**Assignment**
Return all of the data exactly, omitting any images.

**Data block**
----------------
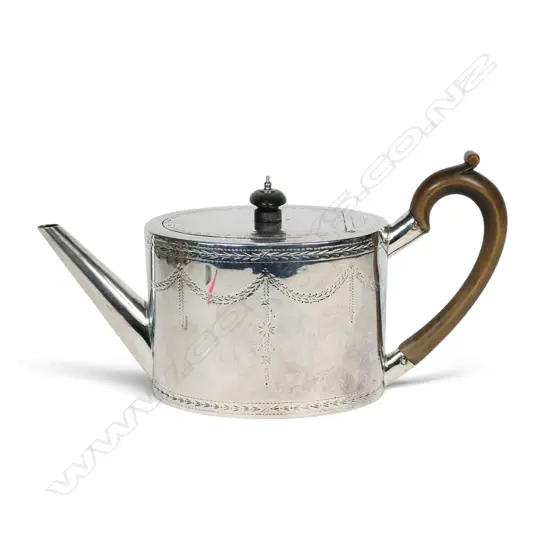 A George III silver teapot,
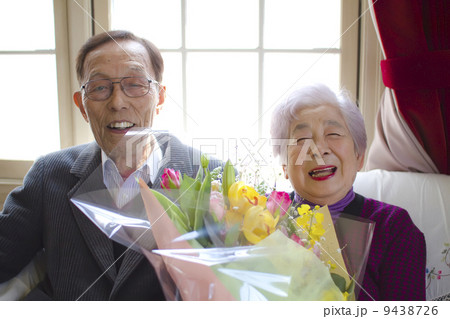 おじいちゃんとおばあちゃん 9438726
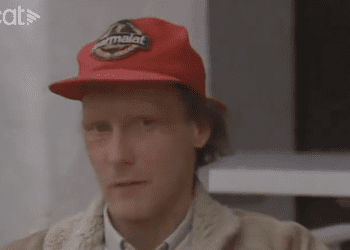 Una captura de la entrevista realizada a Niki Lauda en 1984 en Ibiza y recuperada ahora por TV3 en sus redes.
----------------
**Answer section**
 A George III silver teapot,
 おじいちゃんとおばあちゃん 9438726
 Una captura de la entrevista realizada a Niki Lauda en 1984 en Ibiza y recuperada ahora por TV3 en sus redes.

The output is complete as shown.